The Australian federal government is set to legalise MP3 ripping. In Australia, ripping MP3s from CDs, taping TV programmes and doing other such things without the rightsholder's permission is a criminal offense, and has been since Australia adopted US copyright law without those pesky fair-use provisions that so get in the way of the copyright industry. Now the Attorney-General (in between making sedition and detention-without-trial laws, undoubtedly) intends to bring in some fair-use provisions for "everyday forms of private copying that do not harm copyright owners". Hopefully the provisions will be drafted reasonably broadly and won't have any nasties like DRM mandates or anything.

Posted by: AndrewB | http:// | Fri Dec 30 00:13:50 2005

Pretty sure the law was like that before the US fair trade agreement. The fair trade agreement just made it worse in a bunch of other ways (public domain etc.)

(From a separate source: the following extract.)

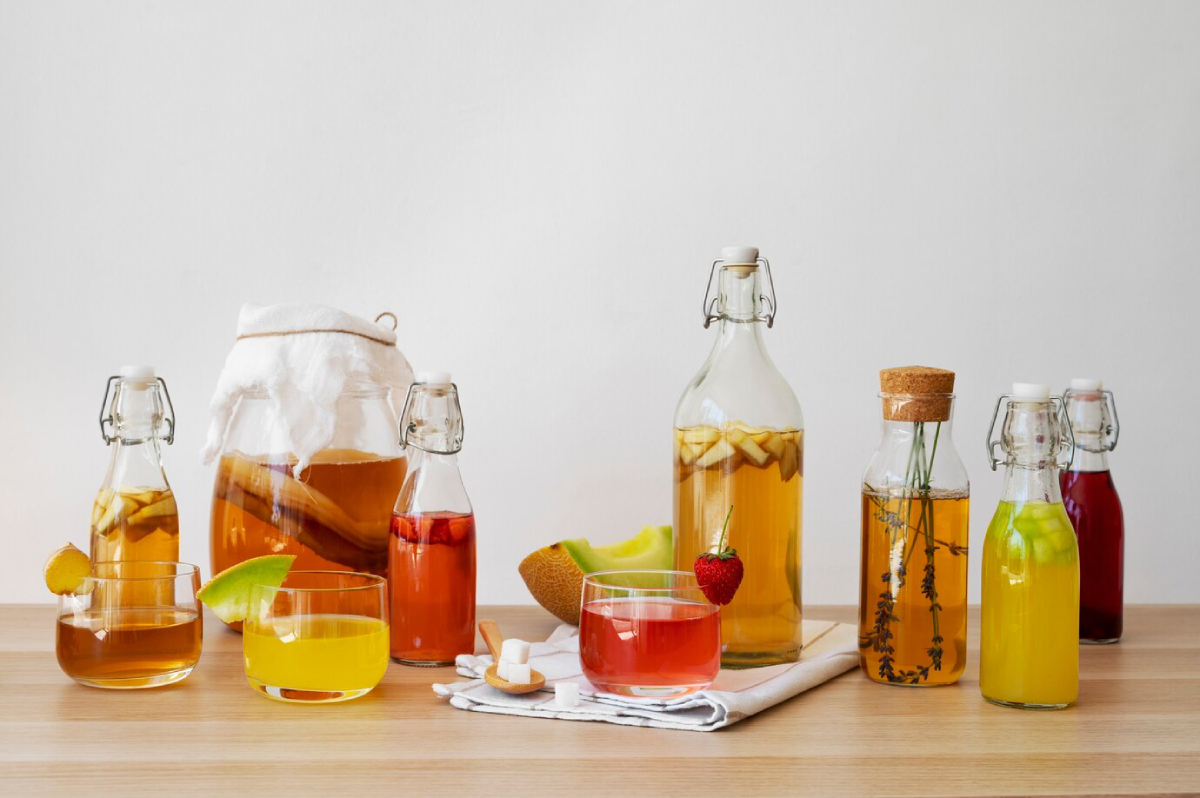 A variety of colorful beverages in glass bottles and glasses, featuring fruits, herbs, and a wooden spoon of sugar on a table.
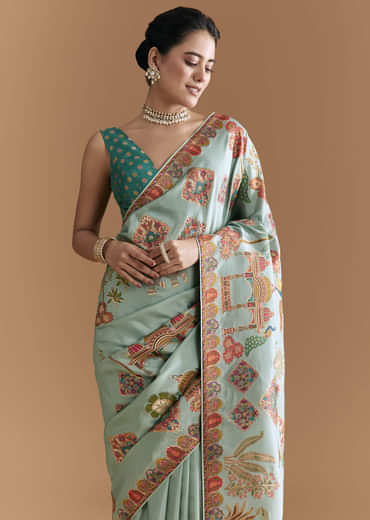 Sky Blue Dola Silk Saree With Madhubani Weave And Embroidery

Posted by: acb | http://dev.null.org/ | Fri Dec 30 23:40:18 2005

IIRC, before the FTA, ripping MP3s was not a criminal offense; i.e., the record companies could go after you in a civil court if they could show that you caused them damages, but the onus was on them.

Posted by: Brere Rabbit | http://www.godhatesamerica.com | Sun Jan 1 02:16:50 2006

You talking to yourself again Andrew?